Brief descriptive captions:
+ + + + + + +

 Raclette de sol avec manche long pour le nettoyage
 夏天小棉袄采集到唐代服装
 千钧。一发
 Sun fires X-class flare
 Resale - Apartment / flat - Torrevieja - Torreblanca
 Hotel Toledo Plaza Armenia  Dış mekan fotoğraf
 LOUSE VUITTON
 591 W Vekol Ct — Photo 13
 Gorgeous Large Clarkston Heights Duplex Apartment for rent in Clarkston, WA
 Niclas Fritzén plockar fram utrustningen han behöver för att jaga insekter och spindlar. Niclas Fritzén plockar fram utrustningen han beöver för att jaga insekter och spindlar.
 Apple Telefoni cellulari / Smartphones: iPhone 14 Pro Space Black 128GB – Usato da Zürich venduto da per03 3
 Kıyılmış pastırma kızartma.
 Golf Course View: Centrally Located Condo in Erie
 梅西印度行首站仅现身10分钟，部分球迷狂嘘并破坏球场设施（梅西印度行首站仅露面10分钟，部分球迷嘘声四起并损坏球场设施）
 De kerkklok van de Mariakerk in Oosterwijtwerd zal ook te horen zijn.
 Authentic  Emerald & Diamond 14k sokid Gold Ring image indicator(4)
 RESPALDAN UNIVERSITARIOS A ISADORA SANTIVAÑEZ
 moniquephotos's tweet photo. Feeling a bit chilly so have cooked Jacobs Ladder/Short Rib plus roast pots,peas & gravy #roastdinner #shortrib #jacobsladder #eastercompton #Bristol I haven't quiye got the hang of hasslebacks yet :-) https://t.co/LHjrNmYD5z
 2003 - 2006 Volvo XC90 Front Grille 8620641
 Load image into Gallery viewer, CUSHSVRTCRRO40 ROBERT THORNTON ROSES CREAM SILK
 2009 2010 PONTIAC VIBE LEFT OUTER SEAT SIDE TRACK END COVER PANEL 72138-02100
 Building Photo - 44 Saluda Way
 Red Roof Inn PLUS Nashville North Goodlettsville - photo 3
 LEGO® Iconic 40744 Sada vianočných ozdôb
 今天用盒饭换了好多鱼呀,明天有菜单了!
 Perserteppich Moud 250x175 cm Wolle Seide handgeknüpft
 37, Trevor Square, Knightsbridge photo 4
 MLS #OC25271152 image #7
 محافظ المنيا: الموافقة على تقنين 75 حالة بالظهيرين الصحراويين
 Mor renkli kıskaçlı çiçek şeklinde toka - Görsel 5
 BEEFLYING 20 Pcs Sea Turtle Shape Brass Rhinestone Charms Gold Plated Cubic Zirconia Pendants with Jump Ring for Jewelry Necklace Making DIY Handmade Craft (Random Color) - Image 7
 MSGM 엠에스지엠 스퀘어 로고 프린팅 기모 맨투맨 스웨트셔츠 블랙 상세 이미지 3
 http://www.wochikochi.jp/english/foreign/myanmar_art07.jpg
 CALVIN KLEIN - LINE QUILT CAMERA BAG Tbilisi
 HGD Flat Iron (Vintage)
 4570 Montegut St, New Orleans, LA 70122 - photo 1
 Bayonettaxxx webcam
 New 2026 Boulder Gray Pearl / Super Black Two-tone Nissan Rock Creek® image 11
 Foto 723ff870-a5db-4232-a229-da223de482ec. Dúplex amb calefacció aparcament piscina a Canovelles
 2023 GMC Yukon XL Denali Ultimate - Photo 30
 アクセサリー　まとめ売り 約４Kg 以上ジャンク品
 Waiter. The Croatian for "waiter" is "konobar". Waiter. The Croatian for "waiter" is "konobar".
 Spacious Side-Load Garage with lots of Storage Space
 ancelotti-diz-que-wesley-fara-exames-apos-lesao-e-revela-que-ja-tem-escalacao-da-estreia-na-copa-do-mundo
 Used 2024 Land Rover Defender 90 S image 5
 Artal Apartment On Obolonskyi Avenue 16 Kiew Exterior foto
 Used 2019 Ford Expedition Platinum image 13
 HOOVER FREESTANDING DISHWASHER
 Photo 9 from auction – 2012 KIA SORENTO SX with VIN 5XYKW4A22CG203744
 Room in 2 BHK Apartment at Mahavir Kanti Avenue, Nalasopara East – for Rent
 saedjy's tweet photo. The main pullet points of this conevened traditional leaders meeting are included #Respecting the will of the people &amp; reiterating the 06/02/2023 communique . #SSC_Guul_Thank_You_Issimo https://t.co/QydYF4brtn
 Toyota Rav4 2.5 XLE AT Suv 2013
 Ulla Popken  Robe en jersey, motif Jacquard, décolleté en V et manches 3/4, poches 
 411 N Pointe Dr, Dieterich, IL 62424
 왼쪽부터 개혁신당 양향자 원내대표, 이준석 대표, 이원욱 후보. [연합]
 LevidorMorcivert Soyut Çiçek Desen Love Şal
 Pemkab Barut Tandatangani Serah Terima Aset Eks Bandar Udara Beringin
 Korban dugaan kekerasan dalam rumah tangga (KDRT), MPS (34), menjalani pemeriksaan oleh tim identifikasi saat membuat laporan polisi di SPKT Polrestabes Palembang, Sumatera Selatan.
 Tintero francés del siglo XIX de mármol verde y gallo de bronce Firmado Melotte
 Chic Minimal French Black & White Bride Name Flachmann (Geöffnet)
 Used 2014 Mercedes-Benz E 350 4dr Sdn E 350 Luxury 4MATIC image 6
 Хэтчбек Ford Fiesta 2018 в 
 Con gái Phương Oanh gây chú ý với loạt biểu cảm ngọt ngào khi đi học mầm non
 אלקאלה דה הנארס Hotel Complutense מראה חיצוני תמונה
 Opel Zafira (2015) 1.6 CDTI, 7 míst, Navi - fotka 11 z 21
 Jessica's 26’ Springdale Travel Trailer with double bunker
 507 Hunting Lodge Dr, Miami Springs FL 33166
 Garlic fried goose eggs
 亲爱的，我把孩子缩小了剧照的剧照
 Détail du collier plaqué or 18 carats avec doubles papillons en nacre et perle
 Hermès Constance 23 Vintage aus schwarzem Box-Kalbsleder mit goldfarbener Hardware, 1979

+ + + + + + +

### WHAT YOU WILL DO
The reply should consist solely of the lines above from the one that has "37, Trevor Square, Knightsbridge photo 4" through the one that has "MSGM 엠에스지엠 스퀘어", reproduced exactly.

### YOUR RESPONSE
 37, Trevor Square, Knightsbridge photo 4
 MLS #OC25271152 image #7
 محافظ المنيا: الموافقة على تقنين 75 حالة بالظهيرين الصحراويين
 Mor renkli kıskaçlı çiçek şeklinde toka - Görsel 5
 BEEFLYING 20 Pcs Sea Turtle Shape Brass Rhinestone Charms Gold Plated Cubic Zirconia Pendants with Jump Ring for Jewelry Necklace Making DIY Handmade Craft (Random Color) - Image 7
 MSGM 엠에스지엠 스퀘어 로고 프린팅 기모 맨투맨 스웨트셔츠 블랙 상세 이미지 3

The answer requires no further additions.